In the first year of business, Serhant expects the firm to pull in $18 million in gross commission income — about what the Serhant Team made in 2019 — plus another $9 million coming from his speaking engagements, licensing and endorsement deals and his new Ventures arm, which runs his real estate course. (Ventures also invests in a handful of other companies, such as office space search firm SquareFoot.)

Serhant also debuted ADX, a tool that tracks how his followers engage with his content, using location data to pinpoint his audience and show where they are most active. And he’s filed trademarks for a title insurance business and an IDX system, which allows websites to display listings from participating multiple listing services. His plans for those businesses and services remain unclear.

So far, Serhant is recruiting seasoned agents with a minimum of five years of experience and who’ve earned at least $500,000 in gross commission income over the past 12 months. He is self-funding all startup costs, which he says have already crossed $1.5 million, including the buildout of his new Tribeca office at 155 Duane Street.

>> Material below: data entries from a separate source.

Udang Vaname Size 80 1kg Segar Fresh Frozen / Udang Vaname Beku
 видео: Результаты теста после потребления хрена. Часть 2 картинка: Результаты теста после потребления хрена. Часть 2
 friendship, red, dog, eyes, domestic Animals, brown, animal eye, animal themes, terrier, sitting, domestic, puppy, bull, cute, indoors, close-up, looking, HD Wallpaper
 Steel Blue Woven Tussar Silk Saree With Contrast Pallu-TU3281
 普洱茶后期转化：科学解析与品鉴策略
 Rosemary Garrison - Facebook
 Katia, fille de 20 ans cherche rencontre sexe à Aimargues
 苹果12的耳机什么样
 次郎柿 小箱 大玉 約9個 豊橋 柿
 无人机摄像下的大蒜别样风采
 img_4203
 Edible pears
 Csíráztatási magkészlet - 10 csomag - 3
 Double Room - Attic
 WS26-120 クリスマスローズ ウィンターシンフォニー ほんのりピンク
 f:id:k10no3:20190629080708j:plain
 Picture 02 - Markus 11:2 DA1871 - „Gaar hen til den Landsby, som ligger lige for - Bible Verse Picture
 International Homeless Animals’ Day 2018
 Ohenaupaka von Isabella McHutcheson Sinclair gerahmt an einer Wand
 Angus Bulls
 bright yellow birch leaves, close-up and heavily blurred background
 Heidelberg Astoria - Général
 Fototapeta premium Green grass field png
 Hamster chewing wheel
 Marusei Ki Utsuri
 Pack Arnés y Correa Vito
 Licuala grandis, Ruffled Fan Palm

Brokerage leaders — at least, the few who would talk — expressed enthusiasm for Serhant joining them in the executive trenches.

“I think this was a long time coming and that it was a great decision for him,” said Andrew Heiberger, founder of the now-shuttered Town Residential.

Heiberger doesn’t expect Serhant to follow a traditional brokerage model, however.

“The only way to be profitable on a national level is if he’s going to franchise,” he said. Heiberger pointed to discount brokerages such as Redfin, technology platforms like Zillow and Keller Williams’ profit-sharing model as the only residential firms that “work and make money” at scale.

Serhant “just took on a lot of busy work,” Heiberger said. “So I’m sure that he’s got a bigger plan.”

Serhant was cagey on his long-term plans but confirmed that replicating the Serhant Team on his own dime was the “last thing” he wanted to do.

“I do so many other things outside of just pure brokerage that influence the brokerage that it just didn’t make sense for me to do them all separately,” he said. “I’m not building this for today. I’m building this for 2030, and 2040, and beyond.”